We all buy into one stereotype or another. It can be as simple as thinking that someone who dresses in ragged jeans and a tattered sweatshirt couldn't possibly pay for all the groceries in his cart. For health care workers, though, that unconscious bias can result in a hasty, improper diagnosis or worse. Patients who look indigent can be ignored or dismissed altogether -- because the doctors or nurses think they will not be paid.
The results of a recent study showed that doctors may not suffer many consequences for that bias. Researchers found that poor people are less likely to sue for medical malpractice than patients with money are.
It is a surprising conclusion for a number of reasons, not the least of which is that doctors tend to believe the reverse is true.

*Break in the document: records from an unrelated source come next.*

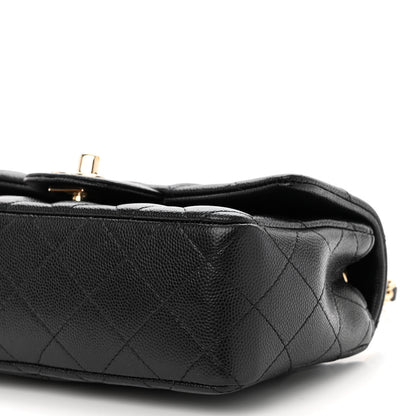 Chanel Caviar Quilted Mini Rectangular Flap Black 10 of 13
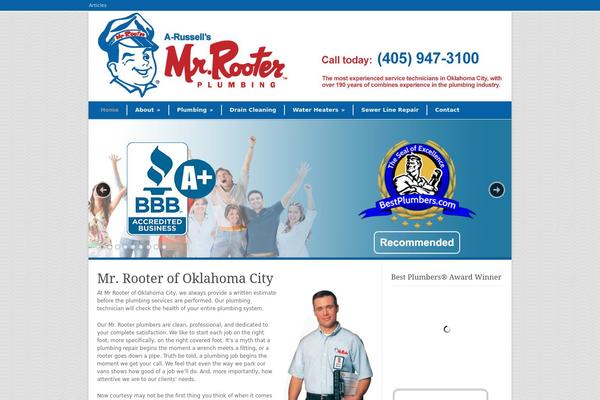 Modernize theme site design template sample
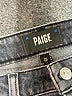 Paige Chevron-herringbone Gray Jeans Size 25 waist - photo 7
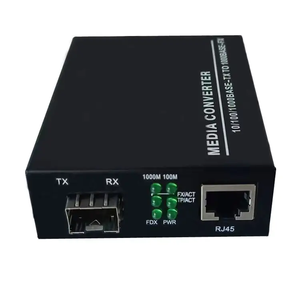 Gigabit SFP thu phát quang 10/100/1000M 1 SFP khe cắm + 1 RJ45 Ethernet sợi Quang Phương tiện truyền thông converte 20km - Product Image 1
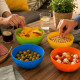 Set de 4 Bols Plastiques Colorés 15 cm pour Apéro et Barbecue – Bols Réutilisables Légers pour Snacks, Sauce, Pique Nique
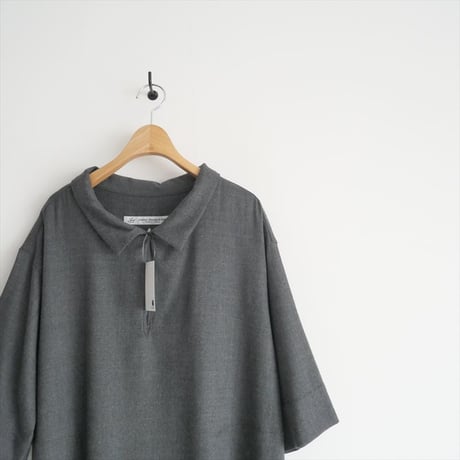 2023AW / journal standard luxe / サキソニー スキッパーワンピース / 23040440021040 / 2412-1030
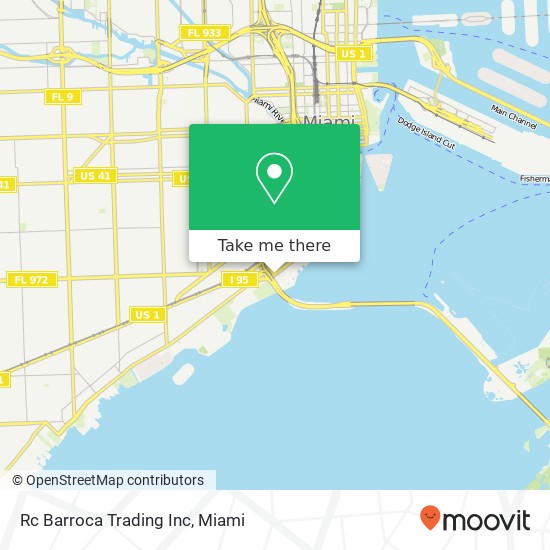 Rc Barroca Trading Inc map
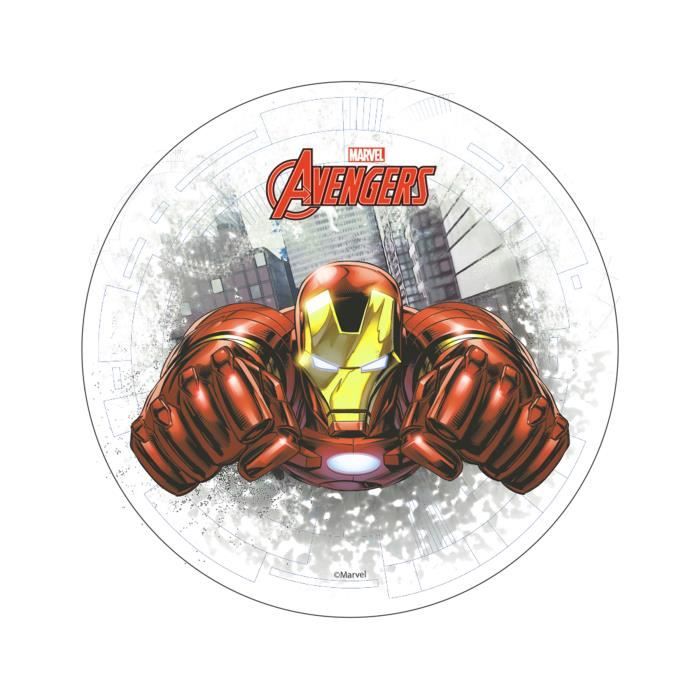 Lot De 6 Disque Azyme Iron Man Avengers Taille Unique Decoration Et Accessoires De Fete Animation Festive Anniversaire Cdiscount Maison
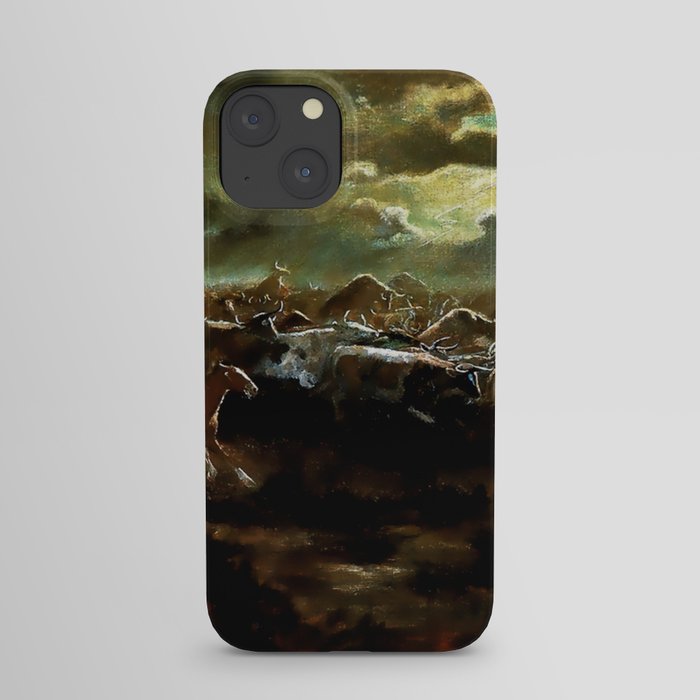 “The Last Stand” by Charles M Russell iPhone Case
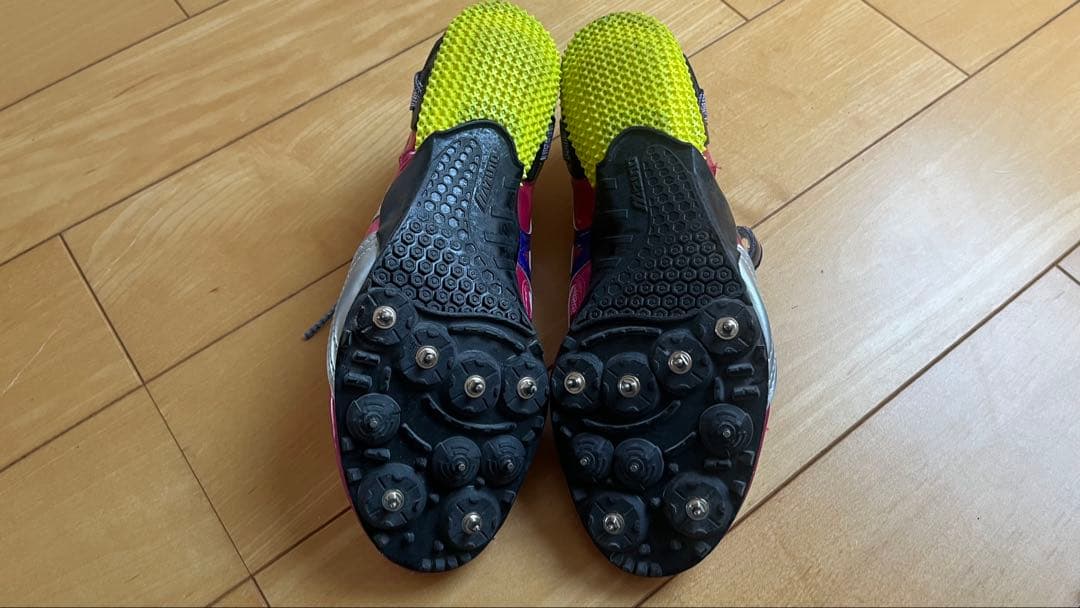 【状態良好】クロノインクス 24.0cm 陸上競技　短距離　ピンク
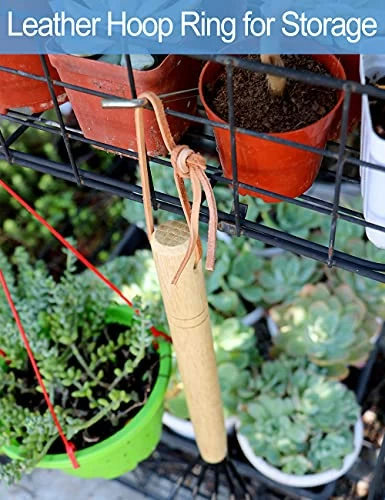 15″ Gardeners | Military Grade Steel 6 Tines And Prime Wood Japanese Ninja Or Cultivator For Perfect Pulverized And Aerated Soil, Ergonomic Wooden Handle For Firm Grip 2 15″ Gardeners | Military Grade Steel 6 Tines And Prime Wood Japanese Ninja Or Cultivator For Perfect Pulverized And Aerated Soil, Ergonomic Wooden Handle For Firm Grip - Image 2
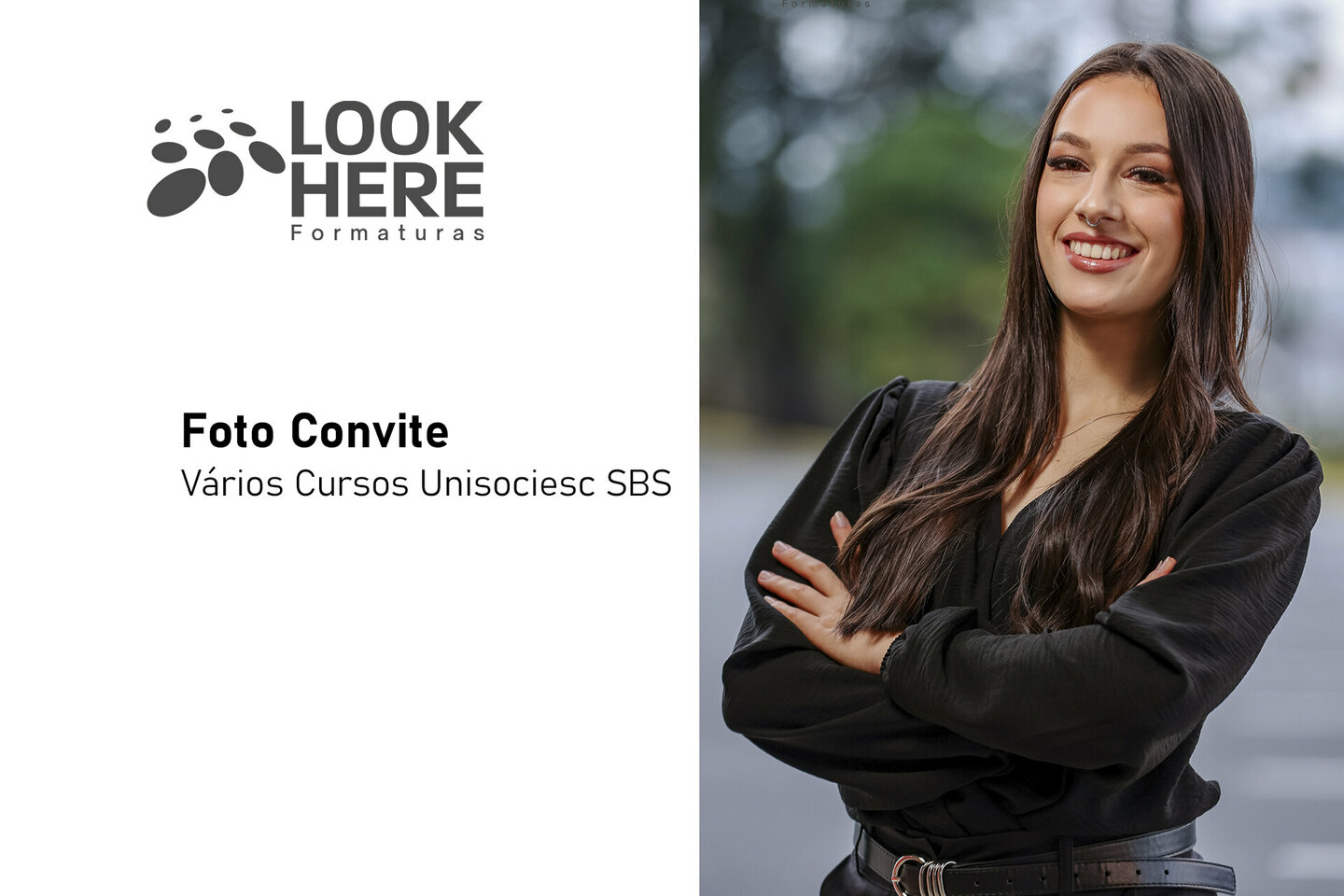 Foto Convite Vários Cursos Unisociesc SBS
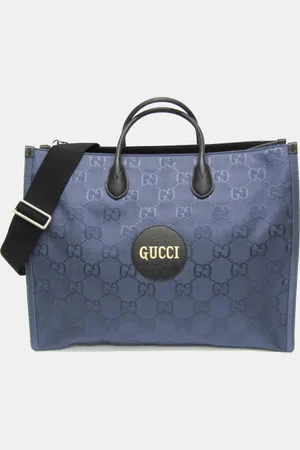 Gucci Off The Grid Nylon Leather Handbag Shoulder Bag Navy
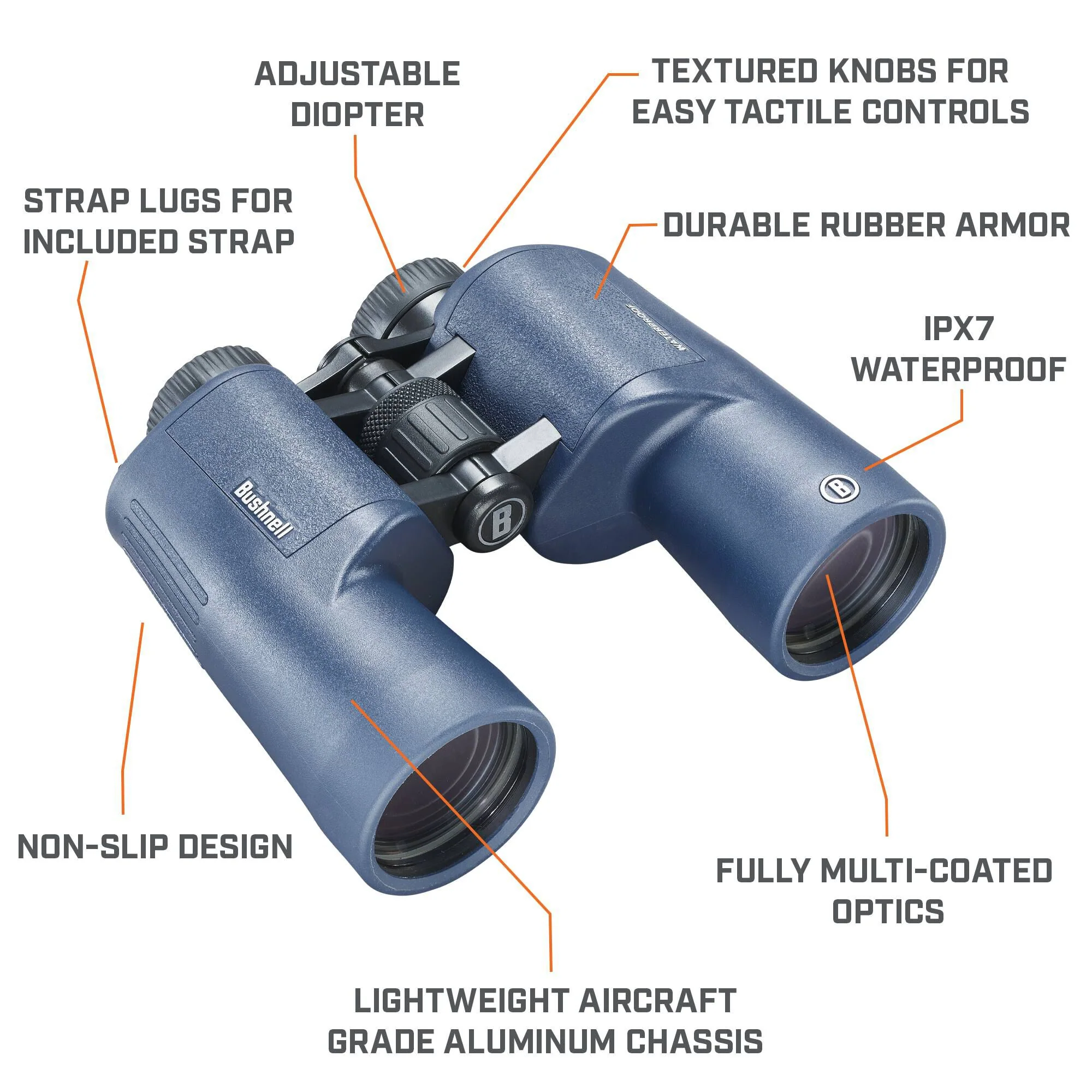 Bushnell H2O Waterproof Binoculars (7x50) - Image 9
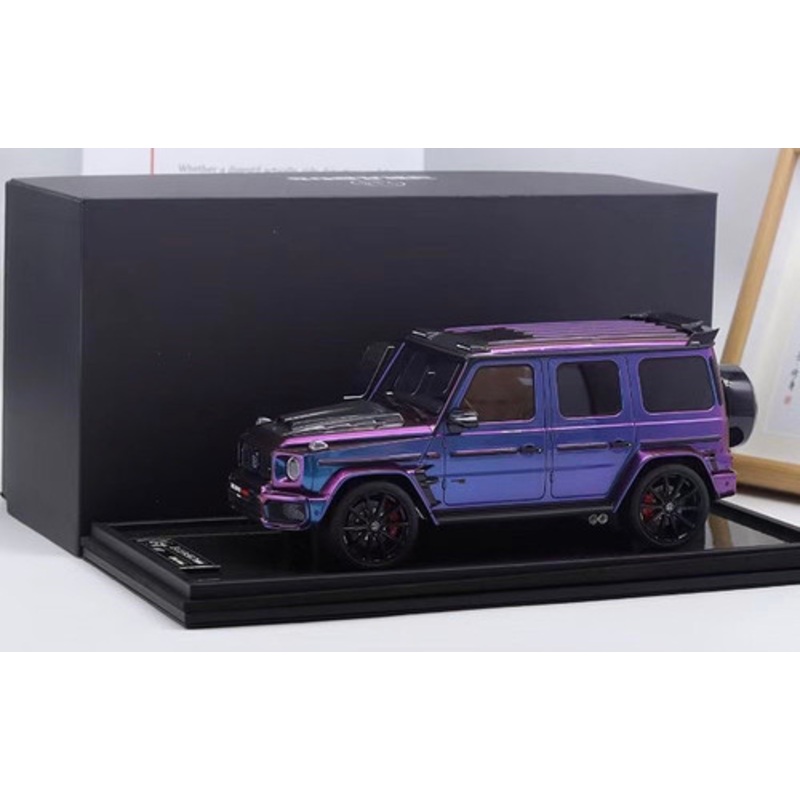 1/18 Motorhelix Mercedes-Benz Mercedes G-Class G63 AMG Brabus 800 (Holographic Purple) Resin Car Model Limited 99 Pieces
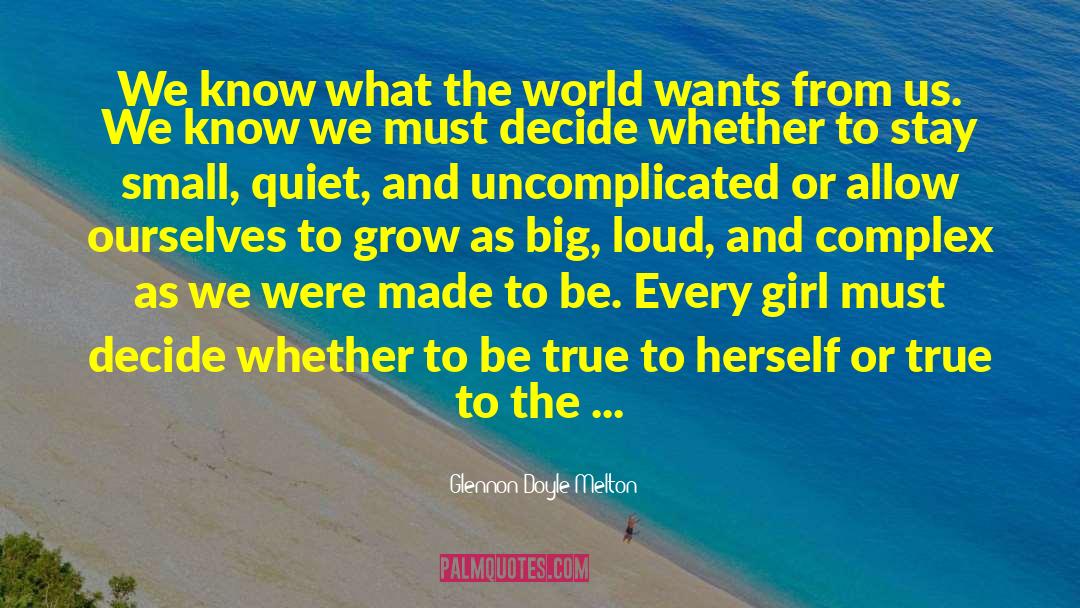 Every Girl quotes by Glennon Doyle Melton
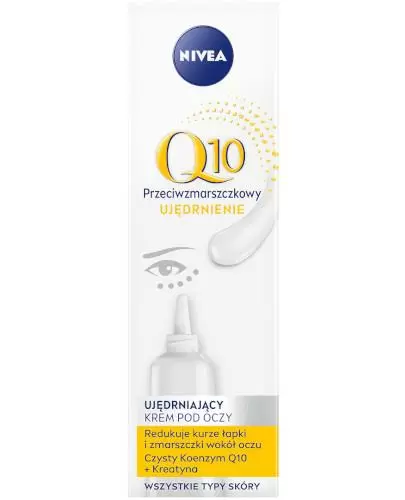 Nivea Q10 Power Przeciwzmarszczkowy + Ujędrnienie krem pod oczy 15 ml zdjęcie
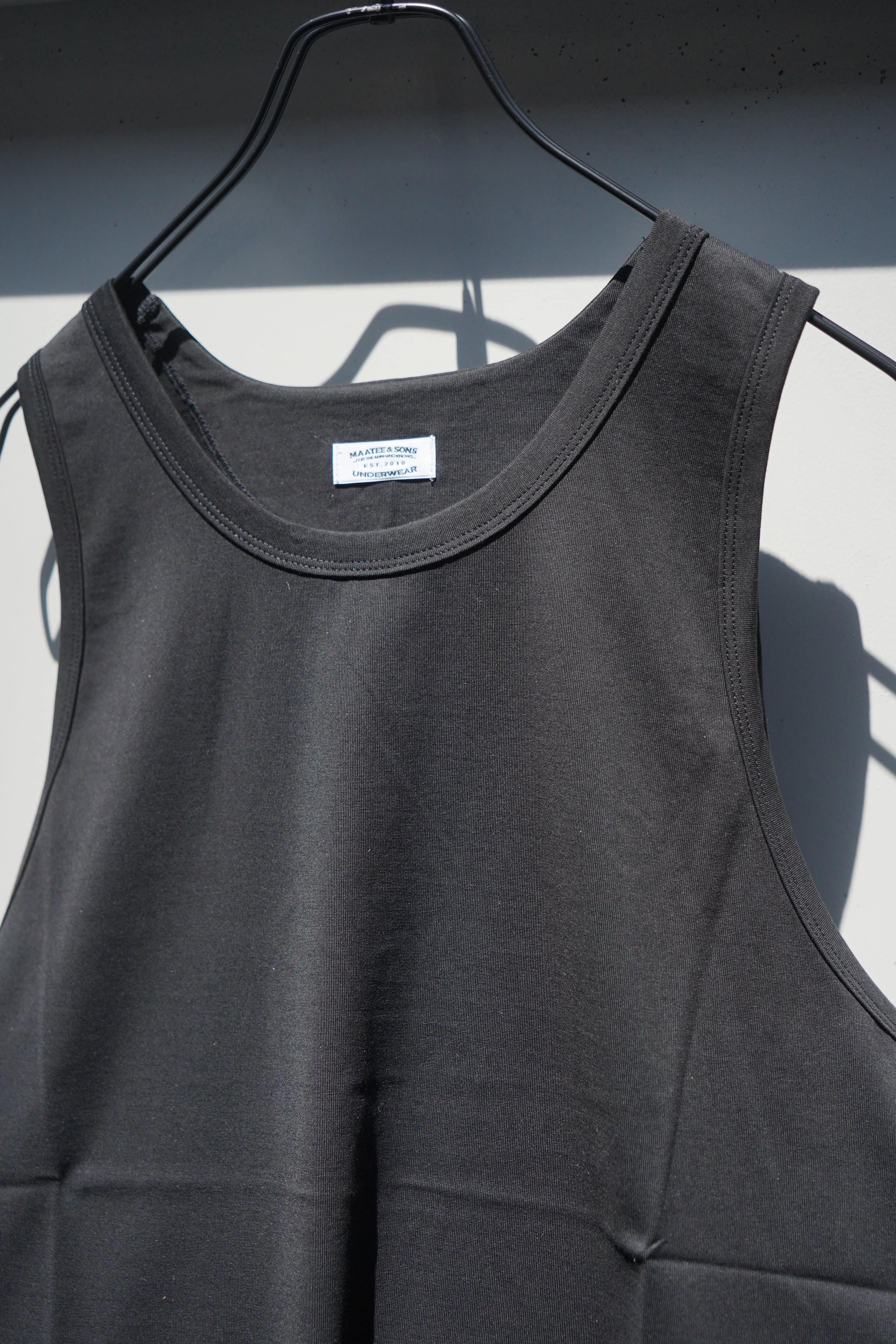 MAATEE&SONS / EX.ムコTANKTOP (BLACK) | LiNN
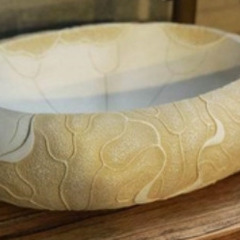美品　手洗い器 洗面器 洗面ボウル  人工大理石製（樹脂製）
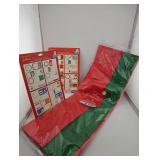 Red/Green Tissue Paper & Gift Seals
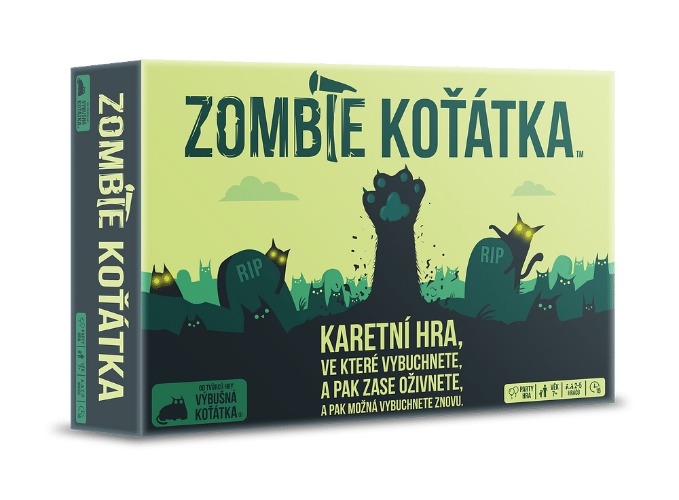 Karetní hra Zombie koťátka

According to the study's authors, physicians may be reluctant to treat poor patients because they believe those patients are more likely to sue.
The researchers analyzed existing malpractice claim and litigation data and compared the results for low-income patients to groups in other income tiers. Not only did they discover that low-income people are less likely to sue, but they also discovered why: This sector has little access to legal resources and insufficient funds to file suit.
The authors assert that the medical community can address the problem. Medical schools and care systems can train doctors how to deliver "culturally competent care." Cultural sensitivity programs have been successful in the health industry, so it makes sense to encourage their adoption everywhere.
Some of the responsibility should be shifted to the patients, too, the authors say. Patients must learn to take an active part in their own health. Again, patient involvement has been proven successful.
Success is measured not just by a reduction in litigation or medical malpractice claims. The proper combination of cultural competence and patient involvement can lead to better care and higher satisfaction for both physicians and their patients. It can also eliminate bias in the delivery of health care -- bias based on gender, race, ethnicity, sexual orientation or socio-economic status.